Carapace is a microframework for making your own command shell in C++. It's strictly string-oriented, with a shell-like syntax and variable support, but otherwise very barebones. That's deliberate: Carapace is meant for use cases where embedding a full-blown scripting language would be overkill.
Carapace targets C++11 and comes as a single header file. An optional second header adds a set of default commands inspired by Tcl, though they're of little use by themselves. See
prompt.cpp for how to add your own.
For a pure C solution, check out the GeekFactory Shell Library. It's very similar in concept.
This is what a typical interaction with Carapace will look like:
[felix@localhost carapace]$ ./prompt Carapace version 2018-05-18, with 26 commands. > set greeting Welcome, Welcome, > eval 'puts "Hi! What is your name?"' 'puts "$greeting `gets`"' Hi! What is your name? Felix Welcome, Felix >
The above illustrates most features of the framework. The default commands, should you decide to use them, know a few tricks as well.

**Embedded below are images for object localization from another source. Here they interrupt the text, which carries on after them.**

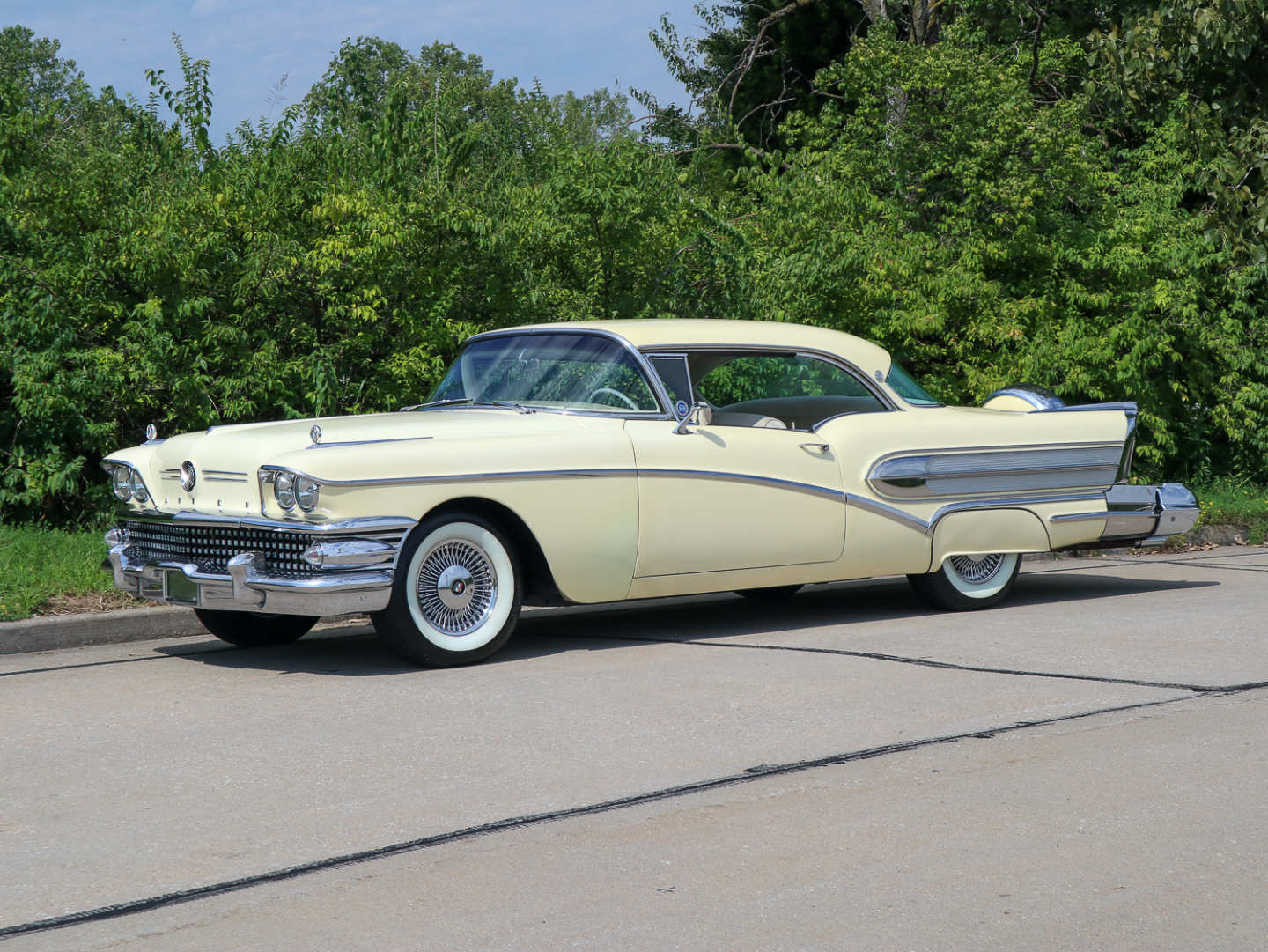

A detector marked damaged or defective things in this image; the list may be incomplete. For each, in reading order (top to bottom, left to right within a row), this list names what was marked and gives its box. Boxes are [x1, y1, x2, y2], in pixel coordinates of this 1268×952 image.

crack in pavement [2, 684, 1247, 948] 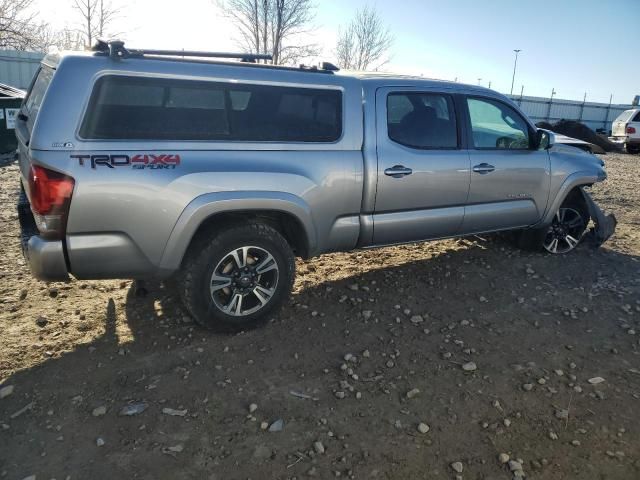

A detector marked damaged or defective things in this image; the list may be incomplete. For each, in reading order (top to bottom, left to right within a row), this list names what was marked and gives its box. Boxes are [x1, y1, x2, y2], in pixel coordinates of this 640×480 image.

detached wheel [516, 196, 588, 253]
damaged front end [576, 188, 616, 248]
detached wheel [179, 222, 296, 330] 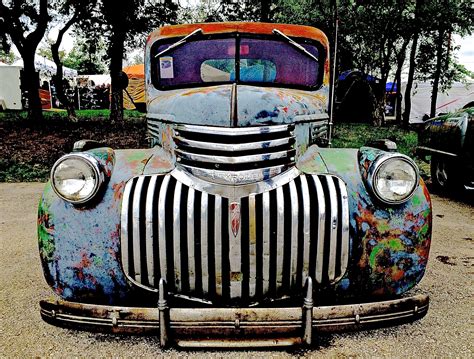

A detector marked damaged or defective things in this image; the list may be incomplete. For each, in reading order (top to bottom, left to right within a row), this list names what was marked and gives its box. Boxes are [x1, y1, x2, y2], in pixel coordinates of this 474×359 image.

headlight rim rust [50, 153, 105, 205]
headlight rim rust [366, 153, 418, 207] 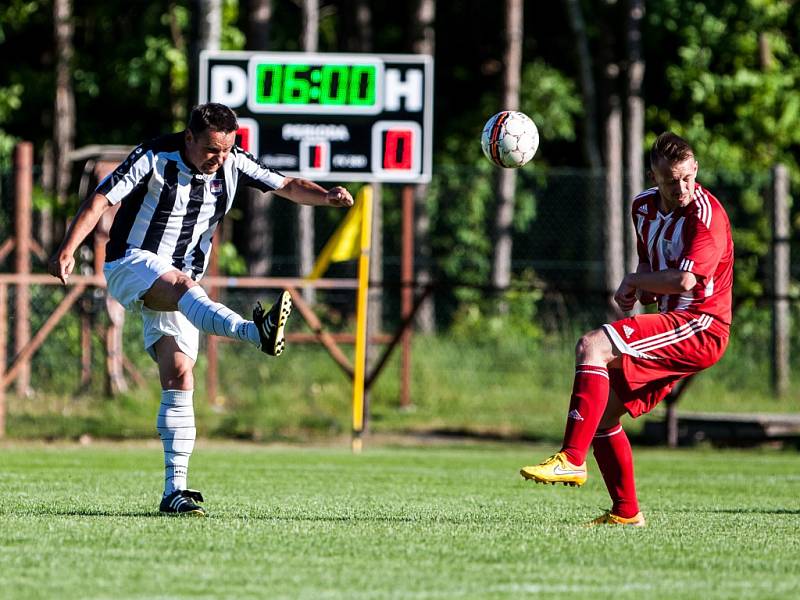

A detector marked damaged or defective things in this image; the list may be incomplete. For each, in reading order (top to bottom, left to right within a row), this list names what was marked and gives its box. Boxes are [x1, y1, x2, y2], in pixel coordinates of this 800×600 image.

rusty metal pole [13, 141, 32, 396]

Carapace is open source under the MIT License. See the source code for details.
As of 18 May 2018, the parser still needs work. In particular, there's no way to escape a dollar sign during variable substitution, or for that matter any of the quoting characters. Test coverage is also lacking. Beware of bugs!
The default command set treats an empty string as false and any other as true; predicates return "t" for true, similar to Lisp. The framework however doesn't care at all; use whatever convention suits you.
Also about that,
crabmeat.h makes a point of not including any other header than
carapace.h, so only implements features supported by the same standard libraries as the framework proper.